Police arrived at the island massacre about an hour and a half after gunman opened fire
Oslo, Norway: The suspect in Norway's twin attacks that killed at least 92 people says he acted alone, police said Sunday, after some witness accounts said a second gunman had taken part in a mass shooting.
But police are still trying to establish whether there was "one or several" shooters at Friday's attack on a Labour Party youth meeting on Utoeya island, northwest of Oslo, police commissioner Sveinung Sponheim told journalists.
Norway suspect 'deemed killings necessary'
A suspected right-wing fanatic accused of killing at least 92 people deemed his acts "atrocious" yet "necessary" as Norway mourned victims of the nation's worst attacks since World War Two.
Police were hunting on Sunday to see if a possible second gunman took part in the shooting massacre and bomb attack on Friday that traumatised a normally peaceful Nordic country.
Anders Behring Breivik comments
In his first comment via a lawyer since he was arrested, 32-year-old Norwegian Anders Behring Breivik expressed willingness to explain himself in court at a hearing likely to be held on Monday about extending protective custody.
"He has said that he believed the actions were atrocious, but that in his head they were necessary," lawyer Geir Lippestad told independent TV2 news.
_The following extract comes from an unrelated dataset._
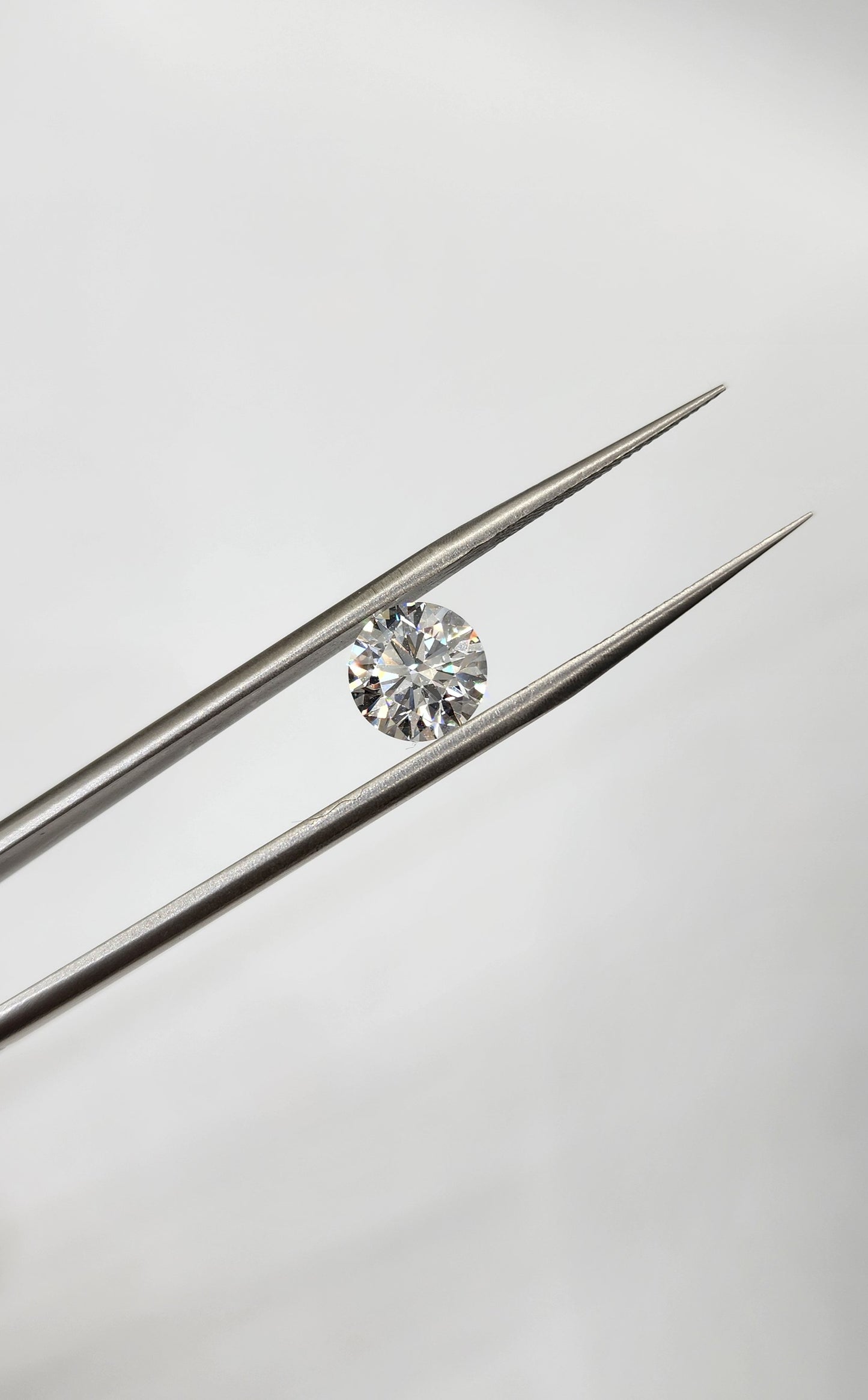 2.02 Carat Round Lab Grown Diamond, Color F, VVS2 Clarity IGI Certified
Police said Breivik gave himself up after admitting to a massacre in which at least 85 people died, mostly young people attending a summer camp of the youth wing of Norway's ruling Labour Party on an idyllic island.
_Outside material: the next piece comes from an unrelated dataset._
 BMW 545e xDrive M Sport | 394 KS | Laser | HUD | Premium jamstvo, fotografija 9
Breivik was also arrested for the bombing of Oslo's government district that killed seven people hours earlier. Norway's toughest sentence is 21 years in jail. Survivors, relatives of those killed and supporters planned a procession to mourn the dead at Sundvollen on Sunday, near the island where the massacre took place.
Police defend delays
The comments from Breivik came as reports said police arrived at the island massacre about an hour and a half after he first opened fire, slowed because they didn't have quick access to a helicopter and then couldn't find a boat to make their way to the scene just several hundred yards offshore.
Survivors of the shooting spree have described hiding and fleeing into the water to escape the gunman, but a police briefing Saturday detailed for the first time how long the terror lasted - and how long victims waited for help.
Manifesto and video against multiculturalism
King Harald would attend a service in Oslo cathedral, a few hundred metres (yards) from where a bomb devastated government buildings including the offices of Labour Prime Minister Jens Stoltenberg.
Breivik hated "cultural marxists", wanted a "crusade" against the spread of Islam and liked guns and weightlifting, web postings, acquaintances and officials said.
A video posted to the YouTube website showed several pictures of Breivik, including one of him in a Navy Seal type scuba diving outfit pointing an automatic weapon. "Before we can start our crusade we must do our duty by decimating cultural marxism," said a caption under the video called "Knights Templar 2083" on the YouTube website, which took down the video on Saturday.
A Norwegian website provided a link to a 1,500 page electronic manifesto which says Breivik was the author. It was not possible to verify who posted the video or wrote the book.
"Once you decide to strike, it is better to kill too many than not enough, or you risk reducing the desired ideological impact of the strike," the book said.
Norway has traditionally been open to immigration, which has been criticised by the Progress Party, of which Breivik was for a short time a member. The Labour Party, whose youth camp Breivik attacked, has long been in favour of immigration.
About 100 people stood solemnly early on Sunday at a makeshift vigil near Oslo's main church, laying flowers and lighting candles. Soldiers with guns and wearing bullet-proof vests blocked streets leading to the government district.
"We are all in sorrow, everybody is scared," said Imran Shah, a Norwegian taxi driver of Pakistani heritage, as a light summer drizzle fell on unusually empty Oslo streets.
Some terrified survivors of the shooting rampage said bullets came from at least two sides. "We are not at all certain" about whether he acted alone, police chief Sveinung Sponheim said. "That is one of the things that the investigation will concentrate on."
Witnesses
Witnesses said the gunman, wearing a police uniform, was able to shoot unchallenged for a prolonged period. He picked off his victims on Utoeya island northwest of Oslo forcing youngsters to scatter in panic or to jump into the lake to swim for the mainland.
"I heard screams. I heard people begging for their lives and I heard shots. He just blew them away," Labour Party youth member Erik Kursetgjerde, 18, told Reuters.
"I was certain I was going to die," he said. "People ran everywhere. They panicked and climbed into trees. People got trampled."
Home-grown militant
The suspect, tall and blond, owned an organic farming company called Breivik Geofarm, which a supply firm said he had used to buy fertiliser -- possibly to make the Oslo bomb.
Home-grown anti-government militants have struck elsewhere in the past, notably in the United States, where Timothy McVeigh killed 168 people with a truck bomb in Oklahoma City in 1995.
The district attacked is the heart of power in Norway. But security is not tight in a country unused to such violence and better known for awarding the Nobel Peace Prize and mediating in conflicts, including the Middle East and Sri Lanka.